Pendant ce temps là, les pipoles de TF1 vont vivre dans les prochaines semaines des péripéties stupéfiantes au milieu de la "mata atlantica" de l’état de Rio. Au fait, il leur suffit de crier le titre de l’émission ("Je suis une célébrité, sortez-moi de là") pour que leur aventure s’arrête illico et qu’ils retournent en métropole l’œil blafard et la queue basse. J’ai moi même tenté l’expérience vendredi soir au bureau, pour faire le chemin en sens inverse, mais ça n’a pas marché. Il est vrai que je ne suis pas une célébrité. Enfin, pas encore.

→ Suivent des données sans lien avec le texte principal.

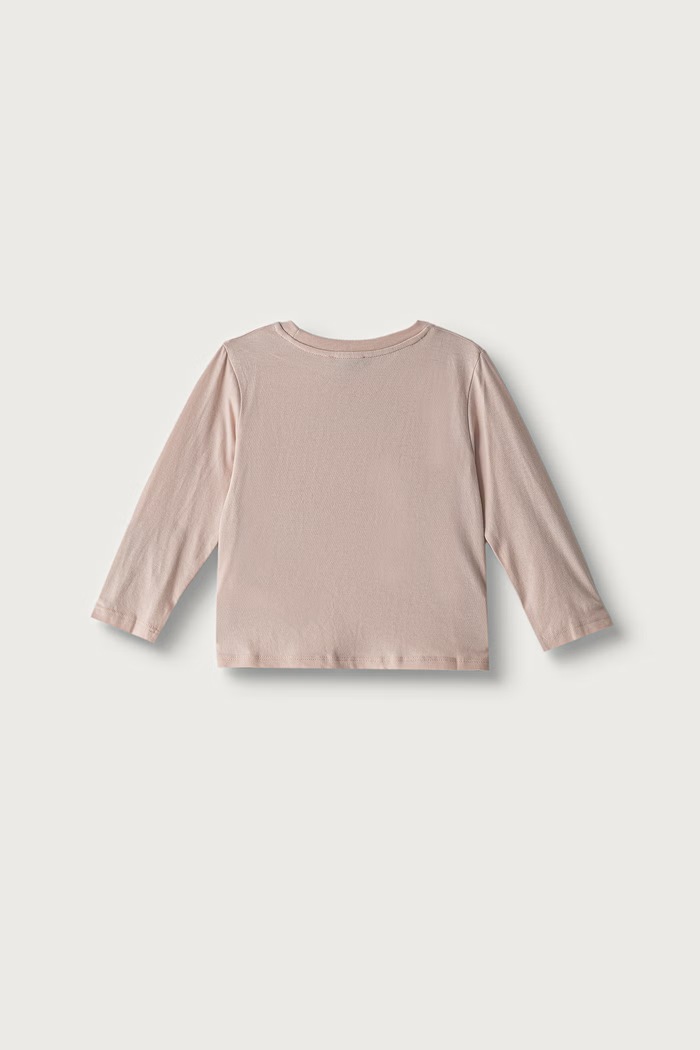 United Colors of Benetton Majica dugih rukava za djecu od pamuka 3ATNG10NI.P.Seasonal roza AW26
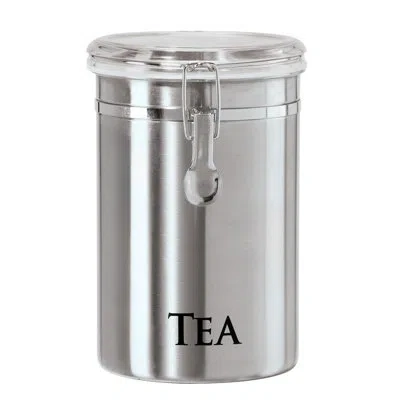 Oggi Brew 1.94 Qt. Tea Jar In Silver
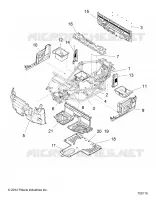FLOOR AND FENDERS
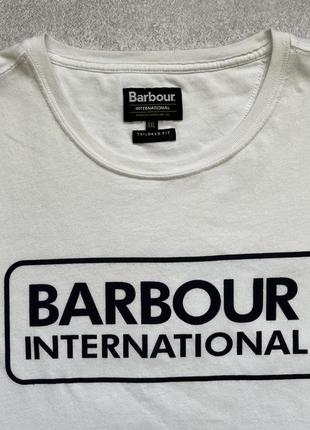 Футболка barbour international4 фото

14:20 Publié dans Blog | Lien permanent | Commentaires (5) | Envoyer cette note

Commentaires
Bonjour !_________
Votre relation sur Brasilia est très intéressante ! Je me suis permis de la relayer
Ici :
http://terresdefemmes.blogs.com/mon_weblog/2006/04/21_avril_1960in.html#comments
et la :
http://www.aroots.org/forum2/post_architecture_34235.html#34235
Merci encore !
Guidu __________
Ps: Milles excuses pour avoir déposé ce commentaire ici même , mais je n' y suis pas parvenu sur le post dont il est question !
Ecrit par : Guidu | 22/04/2006
bonjour je m'appelle fousseni age de 21 ans je suis beninois.
Ecrit par : fousseni zakari | 23/04/2006
Le carnaval dans le nord de la France n'est pas à Calais, mais à Dunkerque.
Une parigoch'tibrésilienne
Ecrit par : Kela | 26/04/2006
Bonjour !
Je viens de voir que j'étais dans tes liens ! Il était temps que j'en aperçoive ! Il faut que dire (je rougis de honte, là), je n'étais pas venu depuis un bout de temps. Allez, je te mets dans mes liens... et je viens plus souvent, promis !
Ecrit par : René | 27/04/2006
sympa votre petit périple au Brésil, si vous voulez retrouver quelques saveurs de là-bas
www.isolda@skyblog.com" target="_blank">www.isolda@skyblog.com">www.isolda@skyblog.com
Et continuez sur la lancée mes anecdotes au Brésil!